Cheese course of the year:
D and I absolutely love it when restaurants do something a little different for the cheese course. I mean, we love it when we're presented with a big cheese trolley as well (who isn't?) but it's exciting to see something else - and the soufflé at Raby Hunt is the perfect case in point. The vin jaune sauce and walnuts added different flavour notes and textures but the star of the show was the fluffy, cheesy cloud trembling in the middle - at once both incredibly light and fearsomely rich. Bliss.
Dessert of the year:
Again, in the face of stiff competition, Lake Road Kitchen triumphs here for me. I still think about that Savarin-Brillat cheesecake on a fairly regular basis. Simple - a plain cheesecake and a couple of fruity twiddles - but perfect. A special mention, though, to Inver's rice pudding which...well, suggested to me that maybe rice pudding isn't the worst thing in the world after all but that in the right hands can be a lovely, lovely thing. Well played, Inver.
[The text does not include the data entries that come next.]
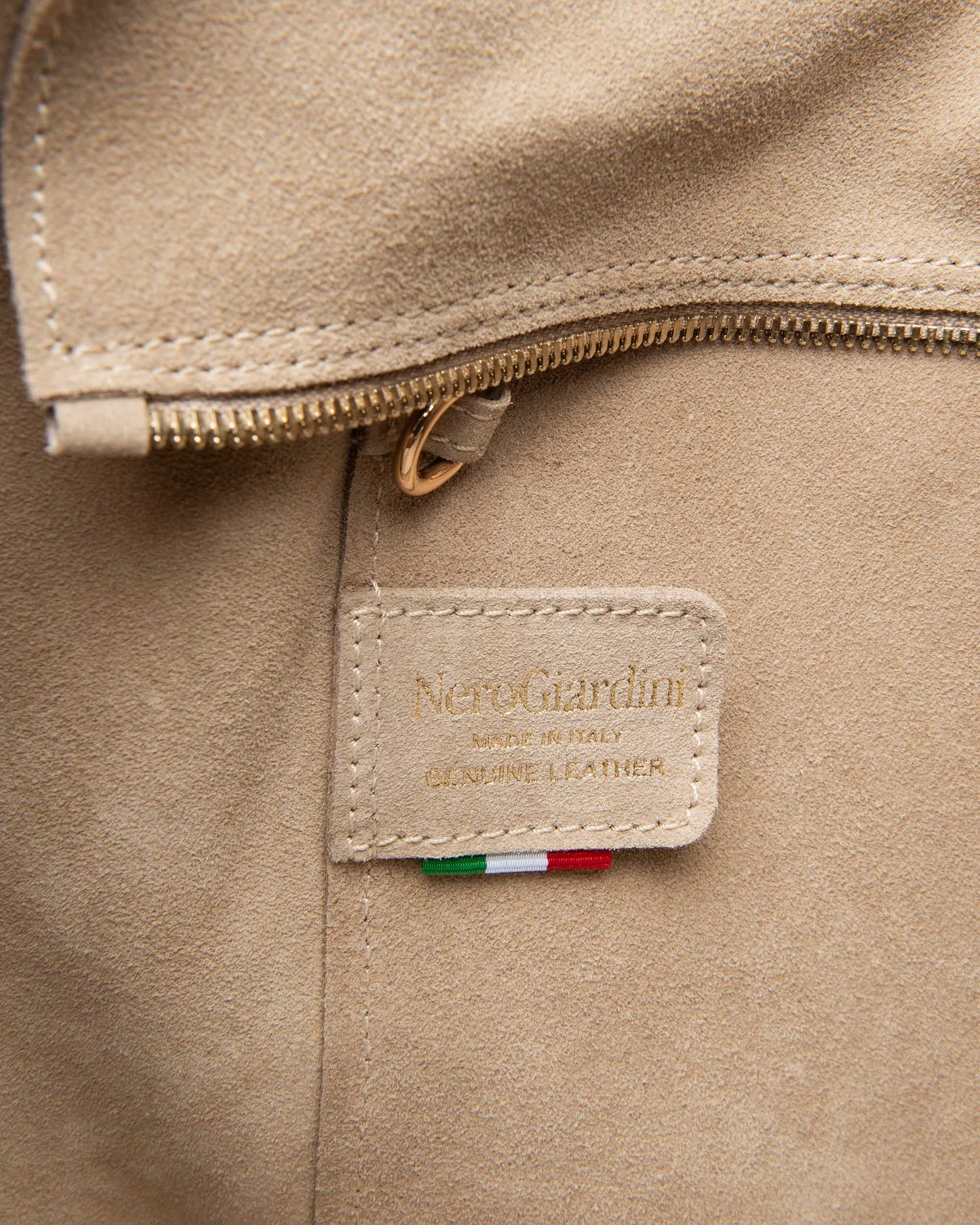 Borsa a spalla in camoscio E644145D nude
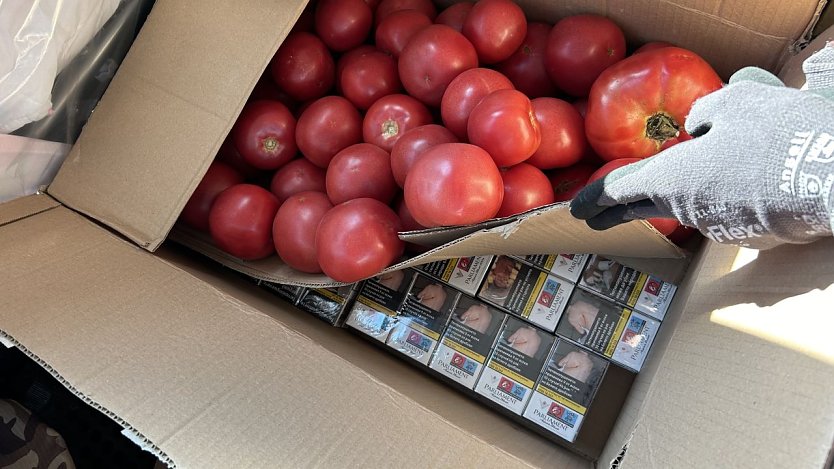 Schmuggelware unter den Tomaten (Foto: Hauptzollamt Erfurt)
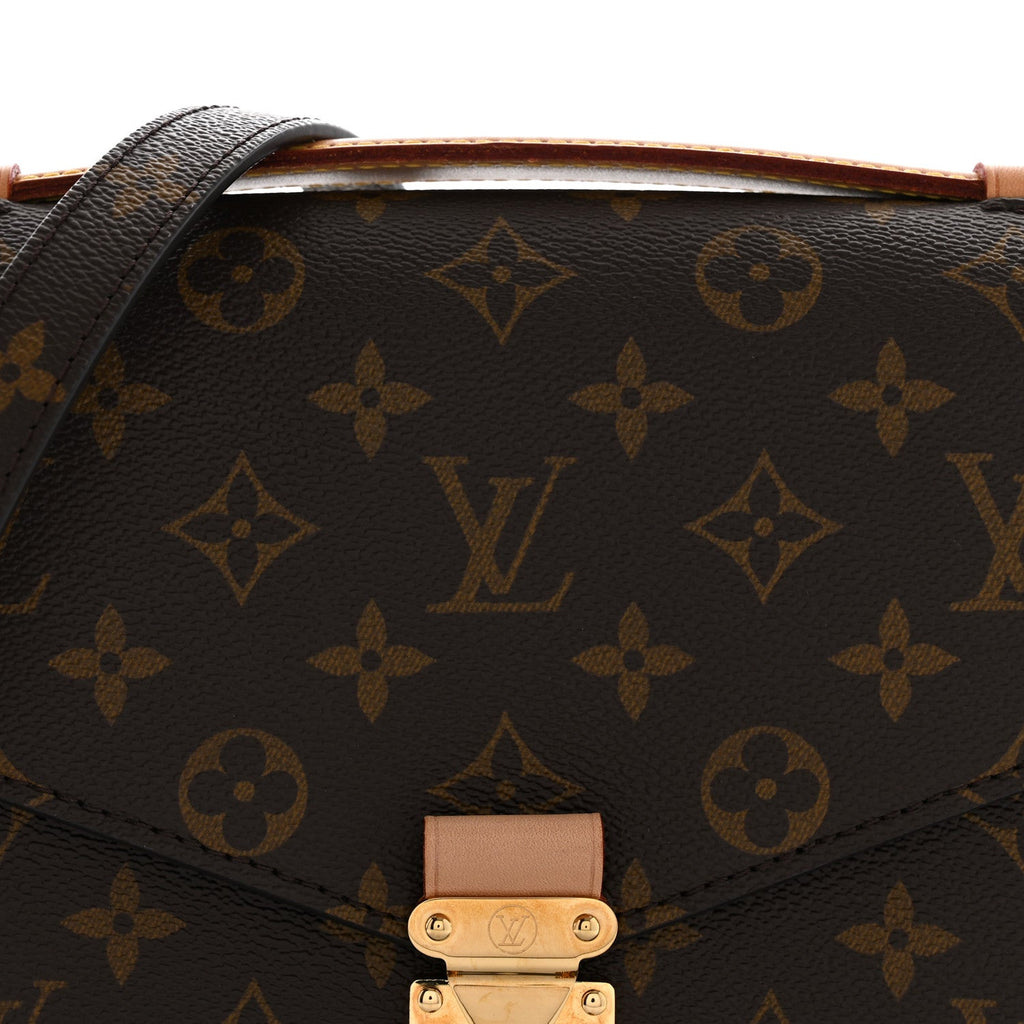 Monogram Pochette Metis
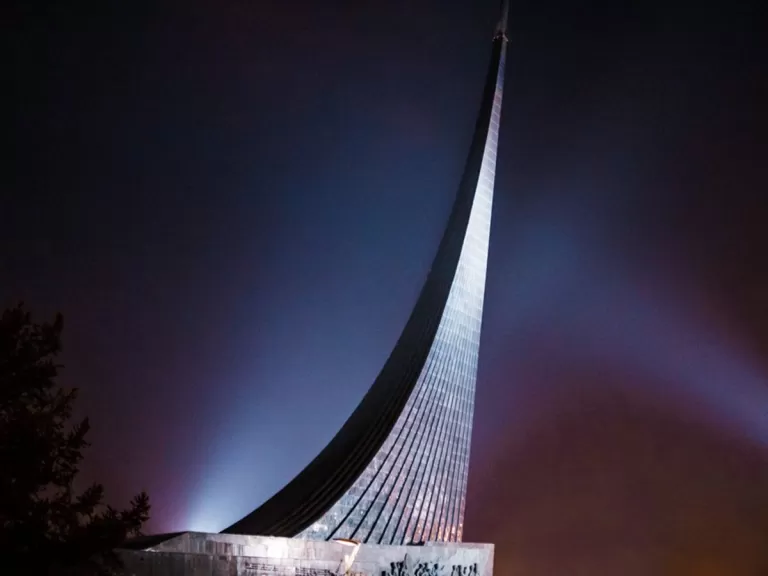 Освещение памятника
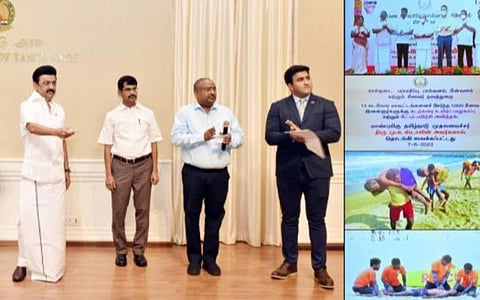 கடலில் மூழ்கித் தவிப்பவர்களை பாதுகாப்பதற்காக, 14 கடலோர மாவட்டங்களைச் சேர்ந்த 1,000 மீனவர்களுக்கு `கடற்கரை உயிர் பாதுகாப்பு மற்றும் மீட்புப் பயிற்சி' அளிக்கும் திட்டத்தை முதல்வர் மு.க.ஸ்டாலின் நேற்று தொடங்கிவைத்தார். அருகில், அமைச்சர் அனிதா ராதாகிருஷ்ணன், தலைமைச் செயலர் வெ.இறையன்பு, மீன்வளத் துறைச் செயலர் தெ.சு.ஜவஹர், ஆணையர் கே.சு.பழனிசாமி உள்ளிட்டோர்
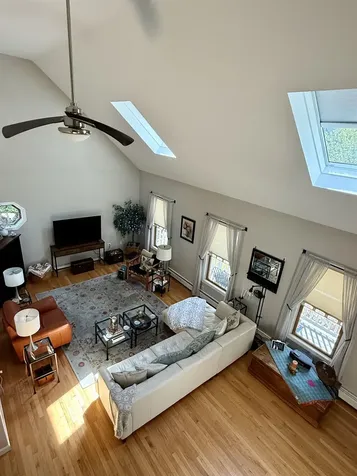 29 Beacon Street Londonderry NH 03053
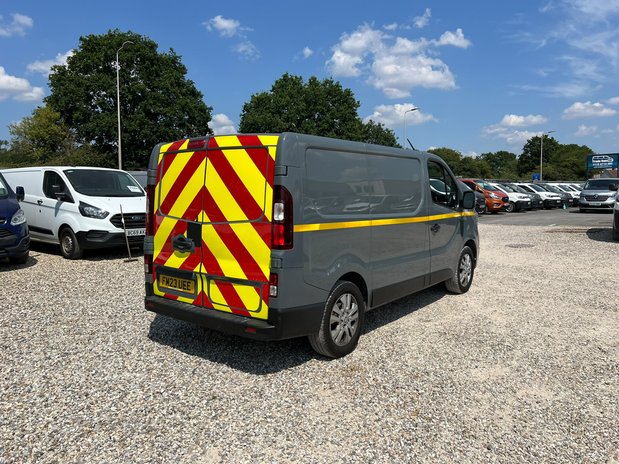 Renault Trafic AUTO SWB L1 Sl28 Sport Edc Dci Air Con Alloys Sensors Cruise EURO 6 6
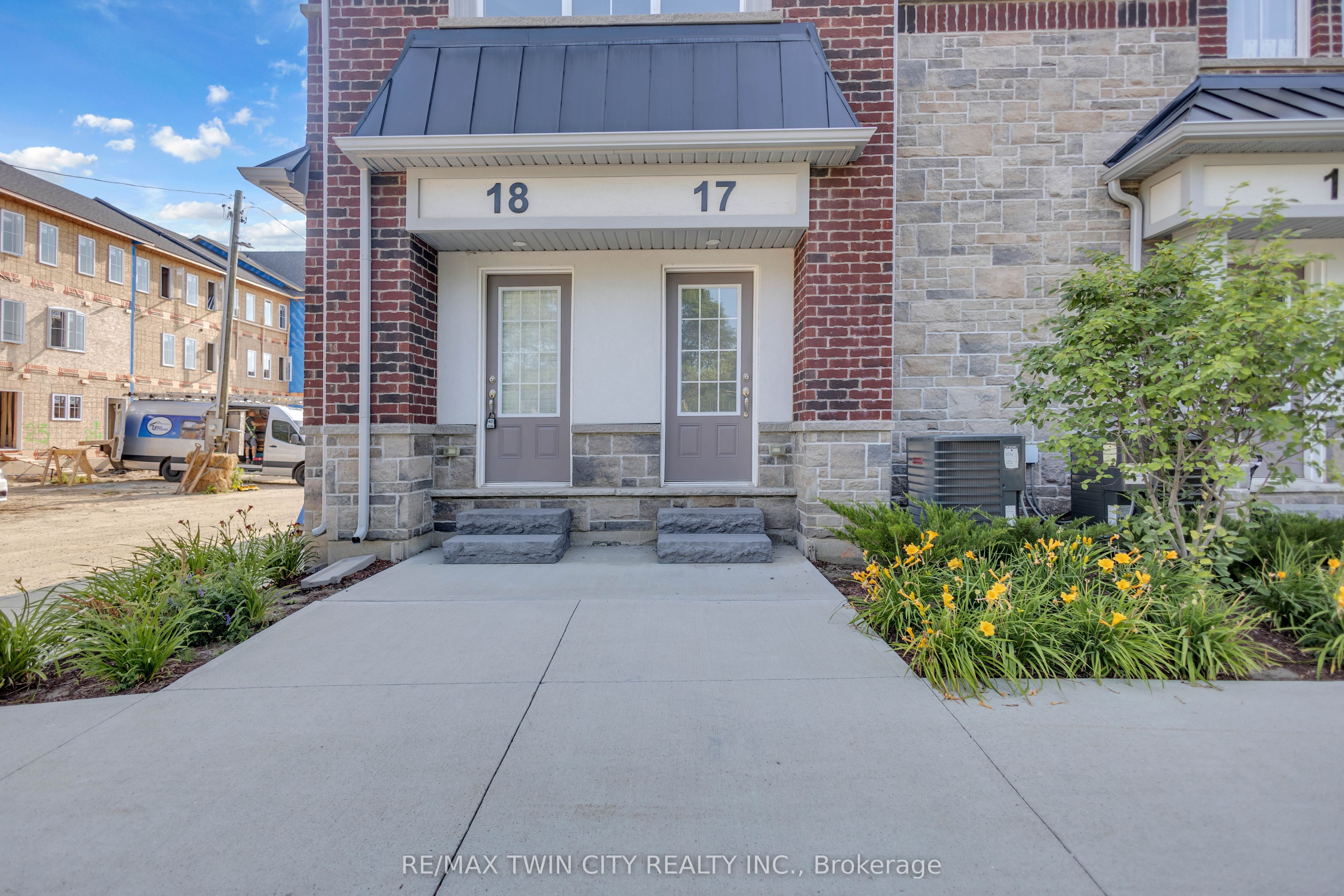 677 Park Road N 17, Brantford, ON N3R 0C2 photo 4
Home cooked dish of the year:
Like all good (obsessive) foodies, we keep records of what we cook and eat and scrolling back through 2021 I can see lots of comfort food type dishes on there which is probably indicative of our state of minds whether we realised it or not. We don't very often cook the same dish regularly, which suggests that Diana Henry's teriyaki salmon was a real favourite (made twice within the space of a month). I also recall absolutely swooning over the smoked haddock hash that we made at the start of the year and then never got around to repeating - definitely one to have again soon. However, I think the most representative dish of the year must be the humble meringue. Since lockdown #1 D has been making all the household mayonnaise from scratch and, as a result, I have been regularly making meringues to use up the surplus egg whites. We eat them with Chantilly cream and whatever fruit we happen to have to hand, and they have been one of the great simple pleasures of the year. Not one that I appear to have taken a photo of though - so please accept a picture of the cat instead, enjoying her dish of this and every year, chopped fresh prawns.
I could have happily scoffed all your faves this year (even the chopped, fresh prawns on the floor!)!! Simplicity and perfection - a heady combination.